- Directed by: Sergio Martino
- Written by: Sergio Martino; Fernando Popoli; Sauro Scavolini;
- Produced by: Carlo Ponti
- Starring: Susan Player; Riccardo Cucciolla; Alfredo Pea; Hugh Griffith;
- Cinematography: Giancarlo Ferrando
- Edited by: Eugenio Alabiso
- Music by: Claudio Mattone
- Production company: Champion Cinematografica
- Release date: 4 March 1974;
- Running time: 90 minutes
- Country: Italy
- Language: Italian

= High School Girl =

1974 film

High School Girl (Cugini carnali, also known as The Visitor, Loving Cousins and Hot and Bothered) is a 1974 commedia sexy all'italiana film co-written and directed by Sergio Martino and starring Susan Player.

==Plot ==

A shy and inexperienced 16-year-old boy enjoys an awakening when his fast-living cousin from the city comes to stay at the family villa.

== Cast ==
- Susan Player as Sonia
- Riccardo Cucciolla as Celio D'Altamura
- Alfredo Pea as Nico D'Altamura
- Hugh Griffith as Baron of Roccadura
- Claudio Nicastro as Don Savino
- Rosalba Neri as Altomare
- Fiorella Masselli as Berenice
- Renzo Marignano as Sonia' father
- Lia Tanzi as Baron of Roccadura's maid
- Mauro Perrucchetti as Arcalli
- Edda Ferronao as Berenice
- Raf Baldassarre
- Carla Mancini

== Production ==
The film was produced by Champion Cinematografica.
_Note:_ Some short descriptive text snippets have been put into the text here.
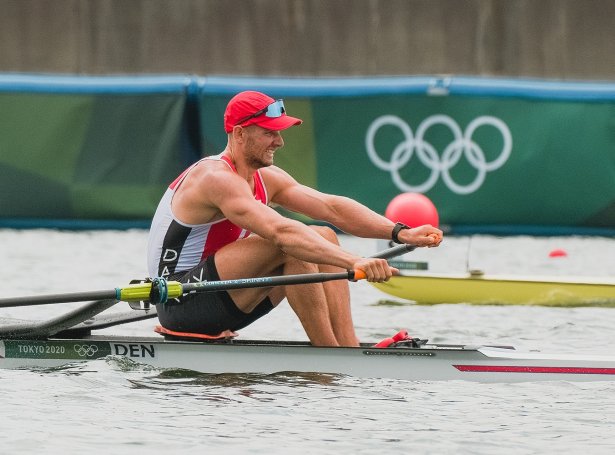 Sverri Sandberg Nielsen eftir finaluróðurin til OL í Tokyo í 2021. Eftir fjórðaplássið og stuttan steðg hevur Sverri stríðt seg aftur í støðu, har danir vóna, at hann kann gera ein heiðursmerkjavørr í París. Fyrsta fetið varð tikið fyrrapartin, tá fjórðingsfinaluplássið varð tryggjað (Mynd: Rógvi Langgaard)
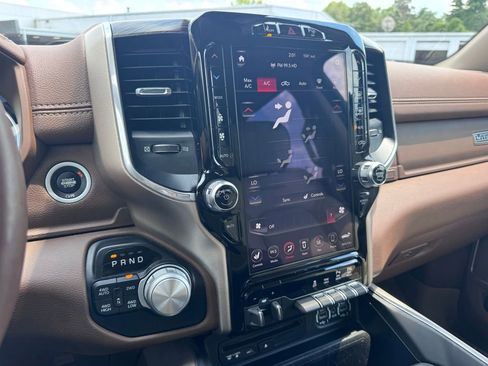 Used 2019 RAM 1500 Laramie AWD/4WD image 25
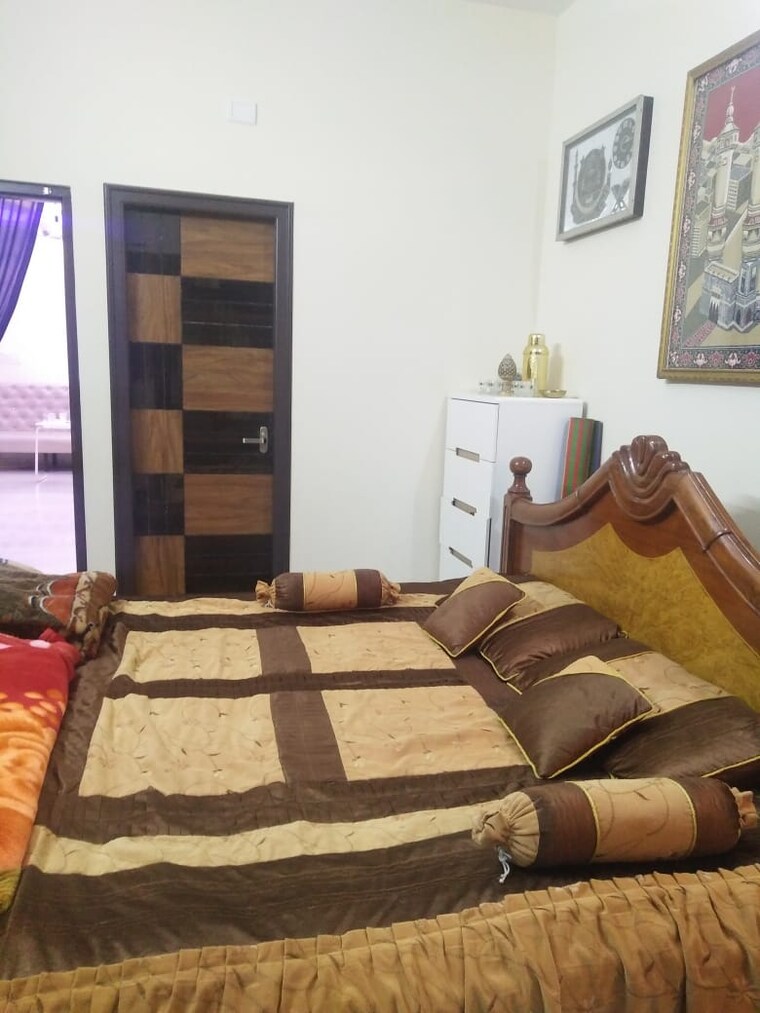 Living Room, rt nagar 3 Bedroom 1200 Sq.Ft. Apartment In Rt Nagar Bangalore 8826810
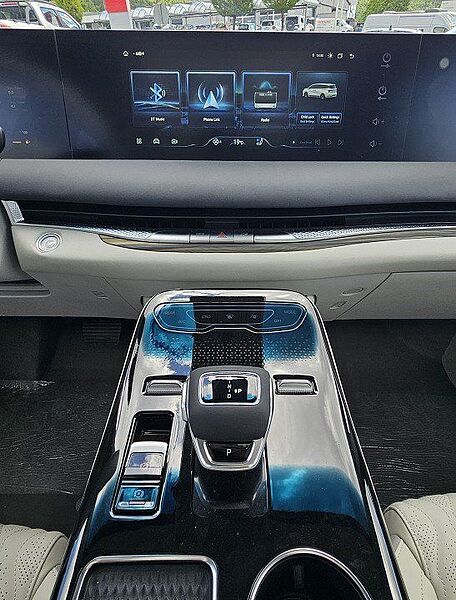 DFSK Forthing 9 HEV 1.5-T DHT 7-Sitzer*Allwetter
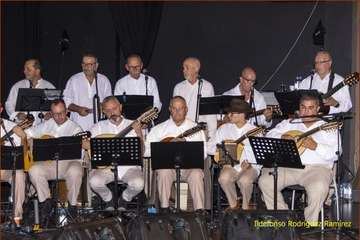 Concierto aniversario de la parranda Medio Jigo P'al Kilo (Foto Ildefonso Rodríguez)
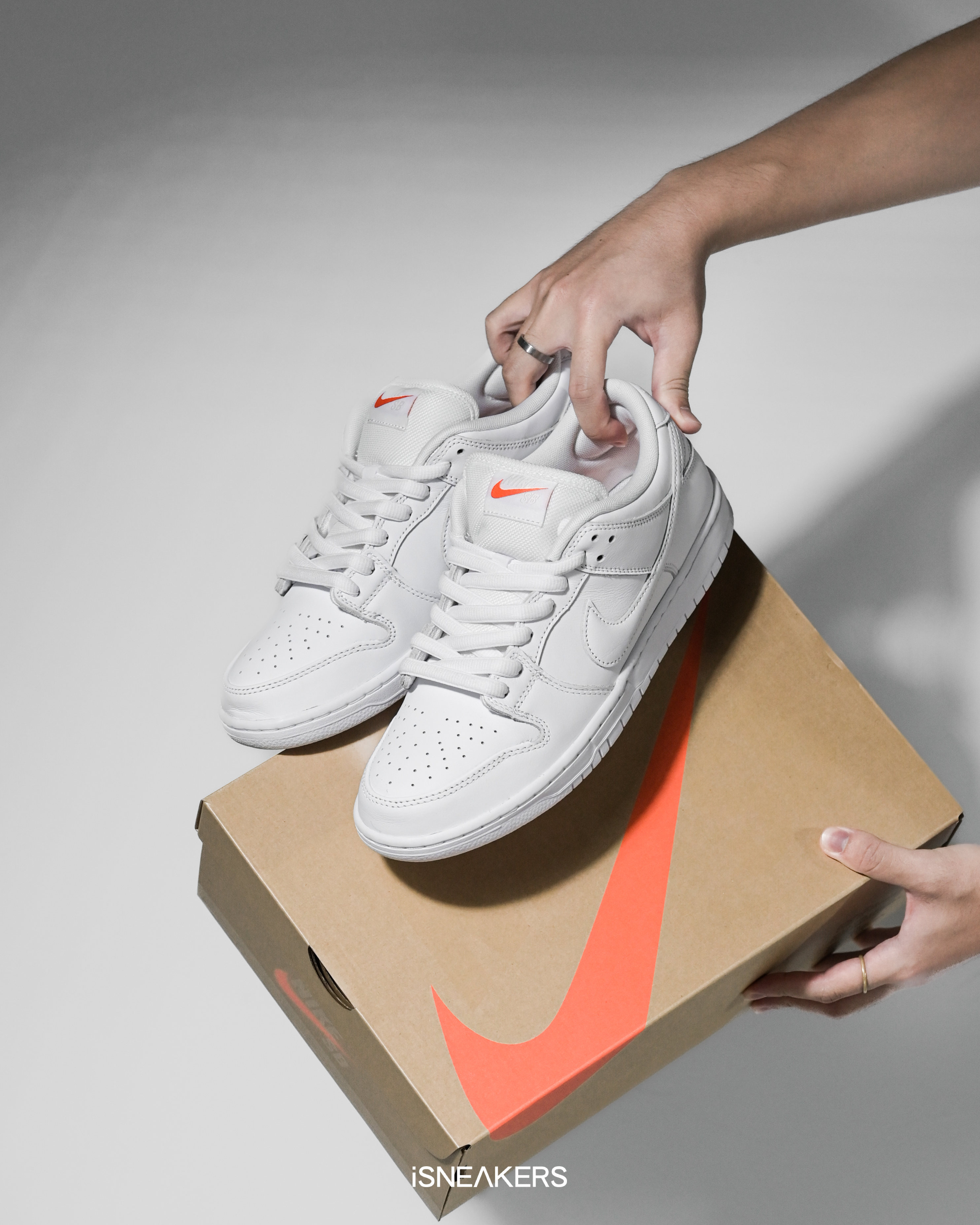 iSNEAKERS｜Nike SB Dunk Low Pro "Triple White" 白 FJ1674-100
It was Martino's second consecutive film produced by Carlo Ponti, following the success of The Violent Professionals . It had the working title La cugina ('The cousin'), that was changed because of the Aldo Lado's film with the same title. Martino's first choices for the main role were Monica Guerritore and Gloria Guida. It was shot in Apulia, between Lecce, Monopoli, Nardò, Conversano and Porto Cesareo. Michele Massimo Tarantini served as assistant director.

== Release ==
The film was distributed in Italian cinemas by Interfilm starting from 4 March 1974.

== Reception ==
Domestically, the film was a success, grossing over 800 million lire. La Stampas film critic Achille Valdata noted that "Martino lacks the effortless wit needed to handle a genre already showing evident signs of fatigue, only superficially concealed by the familiar verbal and visual extravagances".